------ Input records

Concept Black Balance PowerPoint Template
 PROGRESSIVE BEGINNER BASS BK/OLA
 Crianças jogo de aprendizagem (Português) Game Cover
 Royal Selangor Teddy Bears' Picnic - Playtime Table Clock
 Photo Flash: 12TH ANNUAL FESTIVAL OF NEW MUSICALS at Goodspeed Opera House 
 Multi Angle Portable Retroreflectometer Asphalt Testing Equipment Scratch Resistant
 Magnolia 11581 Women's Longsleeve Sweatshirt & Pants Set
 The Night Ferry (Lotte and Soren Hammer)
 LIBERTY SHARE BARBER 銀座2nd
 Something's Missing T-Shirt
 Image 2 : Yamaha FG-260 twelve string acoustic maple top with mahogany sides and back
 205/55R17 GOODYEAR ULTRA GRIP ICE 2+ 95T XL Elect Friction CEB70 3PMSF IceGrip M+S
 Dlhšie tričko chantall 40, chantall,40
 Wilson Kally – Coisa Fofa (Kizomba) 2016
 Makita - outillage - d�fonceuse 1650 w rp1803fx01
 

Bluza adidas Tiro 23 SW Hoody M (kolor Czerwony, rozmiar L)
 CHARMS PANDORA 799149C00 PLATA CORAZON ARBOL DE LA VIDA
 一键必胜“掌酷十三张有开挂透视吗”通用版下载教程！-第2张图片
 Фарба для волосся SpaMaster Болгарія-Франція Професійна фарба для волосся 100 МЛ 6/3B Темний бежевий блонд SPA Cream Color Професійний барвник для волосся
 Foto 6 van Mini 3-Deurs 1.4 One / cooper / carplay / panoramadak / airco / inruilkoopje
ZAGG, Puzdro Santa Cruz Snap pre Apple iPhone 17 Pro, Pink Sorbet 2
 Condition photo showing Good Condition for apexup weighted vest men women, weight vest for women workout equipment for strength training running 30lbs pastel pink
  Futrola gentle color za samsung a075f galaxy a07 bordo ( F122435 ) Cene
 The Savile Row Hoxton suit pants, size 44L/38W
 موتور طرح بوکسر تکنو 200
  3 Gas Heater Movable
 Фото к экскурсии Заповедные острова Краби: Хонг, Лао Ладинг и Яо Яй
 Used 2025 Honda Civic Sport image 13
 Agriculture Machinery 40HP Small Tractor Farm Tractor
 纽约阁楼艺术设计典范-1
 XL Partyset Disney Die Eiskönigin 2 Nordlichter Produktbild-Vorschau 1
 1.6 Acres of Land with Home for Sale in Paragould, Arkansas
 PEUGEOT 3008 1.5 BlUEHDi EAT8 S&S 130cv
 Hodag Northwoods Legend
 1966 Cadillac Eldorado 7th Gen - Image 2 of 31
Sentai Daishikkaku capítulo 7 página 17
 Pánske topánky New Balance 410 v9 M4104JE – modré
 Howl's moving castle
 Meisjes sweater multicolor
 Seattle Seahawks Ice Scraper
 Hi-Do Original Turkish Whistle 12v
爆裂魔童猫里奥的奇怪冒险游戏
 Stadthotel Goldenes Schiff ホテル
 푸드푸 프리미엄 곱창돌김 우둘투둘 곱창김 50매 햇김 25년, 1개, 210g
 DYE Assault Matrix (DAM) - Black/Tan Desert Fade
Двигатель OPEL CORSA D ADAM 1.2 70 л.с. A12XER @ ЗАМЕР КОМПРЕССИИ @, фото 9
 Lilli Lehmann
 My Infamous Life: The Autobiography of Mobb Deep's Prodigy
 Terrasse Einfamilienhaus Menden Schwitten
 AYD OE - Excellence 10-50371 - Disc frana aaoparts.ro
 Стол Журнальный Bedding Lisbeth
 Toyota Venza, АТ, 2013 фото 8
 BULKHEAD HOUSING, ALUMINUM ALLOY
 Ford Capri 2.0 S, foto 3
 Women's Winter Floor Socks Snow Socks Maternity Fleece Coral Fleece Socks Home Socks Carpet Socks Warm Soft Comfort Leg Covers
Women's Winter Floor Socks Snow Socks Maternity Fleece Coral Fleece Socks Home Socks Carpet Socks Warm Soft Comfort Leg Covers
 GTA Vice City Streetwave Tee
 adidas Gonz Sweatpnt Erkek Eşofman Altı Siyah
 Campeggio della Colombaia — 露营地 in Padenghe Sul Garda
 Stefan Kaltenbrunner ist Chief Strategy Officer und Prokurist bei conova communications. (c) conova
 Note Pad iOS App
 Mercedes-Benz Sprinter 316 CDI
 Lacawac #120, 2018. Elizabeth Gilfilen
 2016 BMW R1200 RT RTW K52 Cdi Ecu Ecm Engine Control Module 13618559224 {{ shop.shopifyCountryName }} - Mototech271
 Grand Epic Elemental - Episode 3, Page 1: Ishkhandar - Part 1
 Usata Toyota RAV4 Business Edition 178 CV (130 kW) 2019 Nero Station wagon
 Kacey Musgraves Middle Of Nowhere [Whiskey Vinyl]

------------

The stretch of entries above that starts with the line containing "Wilson Kally – Coisa Fofa (Kizomba) 2016" and goes on through the line containing "Lilli Lehmann" is to be transcribed exactly, and no other line is to be transcribed.

▸ **Reply to the exercise**:
 Wilson Kally – Coisa Fofa (Kizomba) 2016
 Makita - outillage - d�fonceuse 1650 w rp1803fx01
 

Bluza adidas Tiro 23 SW Hoody M (kolor Czerwony, rozmiar L)
 CHARMS PANDORA 799149C00 PLATA CORAZON ARBOL DE LA VIDA
 一键必胜“掌酷十三张有开挂透视吗”通用版下载教程！-第2张图片
 Фарба для волосся SpaMaster Болгарія-Франція Професійна фарба для волосся 100 МЛ 6/3B Темний бежевий блонд SPA Cream Color Професійний барвник для волосся
 Foto 6 van Mini 3-Deurs 1.4 One / cooper / carplay / panoramadak / airco / inruilkoopje
ZAGG, Puzdro Santa Cruz Snap pre Apple iPhone 17 Pro, Pink Sorbet 2
 Condition photo showing Good Condition for apexup weighted vest men women, weight vest for women workout equipment for strength training running 30lbs pastel pink
  Futrola gentle color za samsung a075f galaxy a07 bordo ( F122435 ) Cene
 The Savile Row Hoxton suit pants, size 44L/38W
 موتور طرح بوکسر تکنو 200
  3 Gas Heater Movable
 Фото к экскурсии Заповедные острова Краби: Хонг, Лао Ладинг и Яо Яй
 Used 2025 Honda Civic Sport image 13
 Agriculture Machinery 40HP Small Tractor Farm Tractor
 纽约阁楼艺术设计典范-1
 XL Partyset Disney Die Eiskönigin 2 Nordlichter Produktbild-Vorschau 1
 1.6 Acres of Land with Home for Sale in Paragould, Arkansas
 PEUGEOT 3008 1.5 BlUEHDi EAT8 S&S 130cv
 Hodag Northwoods Legend
 1966 Cadillac Eldorado 7th Gen - Image 2 of 31
Sentai Daishikkaku capítulo 7 página 17
 Pánske topánky New Balance 410 v9 M4104JE – modré
 Howl's moving castle
 Meisjes sweater multicolor
 Seattle Seahawks Ice Scraper
 Hi-Do Original Turkish Whistle 12v
爆裂魔童猫里奥的奇怪冒险游戏
 Stadthotel Goldenes Schiff ホテル
 푸드푸 프리미엄 곱창돌김 우둘투둘 곱창김 50매 햇김 25년, 1개, 210g
 DYE Assault Matrix (DAM) - Black/Tan Desert Fade
Двигатель OPEL CORSA D ADAM 1.2 70 л.с. A12XER @ ЗАМЕР КОМПРЕССИИ @, фото 9
 Lilli Lehmann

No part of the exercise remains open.